Forensic Investigation

In a professional forensic investigation, investigators base their approach on models. In this article, we use the Secure-Analysis-Present model (see the “SAP Model” box).

We examined the victim system to reconstruct the browser session with the forensic tool collections under comparison here. In the Secure Phase, we first backed up the hard disk using the dcfldd tool, a version of the GNU dd tools, extended to include forensic features. Integrity was ensured by a hash function generated by md5deep . (However, assuring integrity was not the focus of the investigation. In production use, an investigator would typically give preference to SHA.)

The analysis was performed on a forensic workstation in a virtualized environment (VMware vSphere ESXi). Only active open source projects were compared that are suitable for postmortem analysis of a Windows 7 system. Furthermore, tool selection was based on the popularity of the tool collections (Table 1). The investigators also considered the extent to which the default installations of tool collections were suitable for the given scenario. For better comparison, no additional packages were installed retroactively. Instead of looking at all the tools in Table 1, we focused on OSForensics, Autopsy, and CAINE, which all stood out positively.


OSForensics is a Windows tool by PassMark Software for live forensics and postmortem analysis. For this comparison, we looked at version 1.2 (build 1003); version 2.0 has been released in the meantime (build 1003). Forensic duplication is implemented as an additional virtual disk in read-only mode.

Data can be filtered by keyword, time stamp, last activities, registry keys, and access credentials stored in the browser. Internally, the tool offers file, hex, string, and text views. However, files can also be viewed using external programs and linked.

After the investigation, a case report can be generated with case/investigator names, exported files, attachments, notes, email, and links with or without JavaScript as a .html file. Also, a template is available for logging the chain of forensic evidence.

OSForensics returned various scenario-specific results: The keyword search for the victim’s email address (Figure 1) led to F:\Users\Sandy\AppData\Local\Microsoft\Windows\TemporaryInternetFiles\Low\Content.IE5\BYO5TPM7\display[1].html .

Figure 1: Results of the search for the victim’s email address (OSForensics).

Opening this link in IE takes the investigator to the Amazon purchase confirmation. The keyword search for the title of the purchased book led to victimsystem:\Users\Sandy\AppData\Local\Microsoft\Windows\TemporaryInternetFiles\Low\Content.IE5\S6OU8I07\view-upsell[1].html , which is the Amazon shopping cart.

The Images category returned results from the temporary Internet files shown in Figure 2, which match the purchased product.

Figure 2: Pictures of the purchased item in the cache (OSForensics).

The registry entry under Software\Microsoft\InternetExplorer\TypedURLs contains the last URL entries from the IE address bar (Figure 3).

Figure 3: Registry entries (OSForensics).

We were able to view login actions without access credentials using the Website Passwords module, because the user did not save the credentials in the browser.

The ability to identify registry files automatically is an asset to the forensic investigation. Nevertheless, expertise is needed, and a manual search for data by the forensic investigator is essential.


Autopsy is a graphical extension of The Sleuth Kit (TSK), which was developed by Brian Carrier for Windows and Linux systems. We investigated Windows version 3.0.3; version 3.0.6 is now available.

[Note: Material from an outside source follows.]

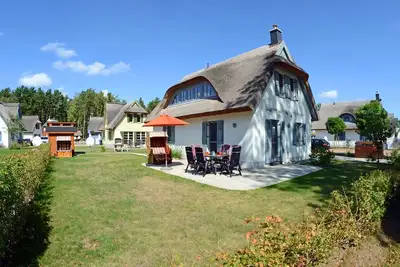 Image de Maison de vacances avec cheminée et sauna, à environ 500 mètres de la plage de sable, Wi-Fi et machine à laver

Forensic duplication again was performed in read-only mode as an additional (virtual) disk. For case management, you can enter a name, the storage directory, a case number, and the investigator’s name. Data can be managed by keyword search, matching with hash databases, viewing file residues and unallocated files, automatic filtering by file type (images, video, audio, documents), categories (bookmarks, cookies, browsing history, downloads, etc.), most recently used data, and email messages. Files can be opened in external programs or viewed internally in hex, string, result, text, and media views. Another useful function is the ability to link relevant files and add a comment for the link.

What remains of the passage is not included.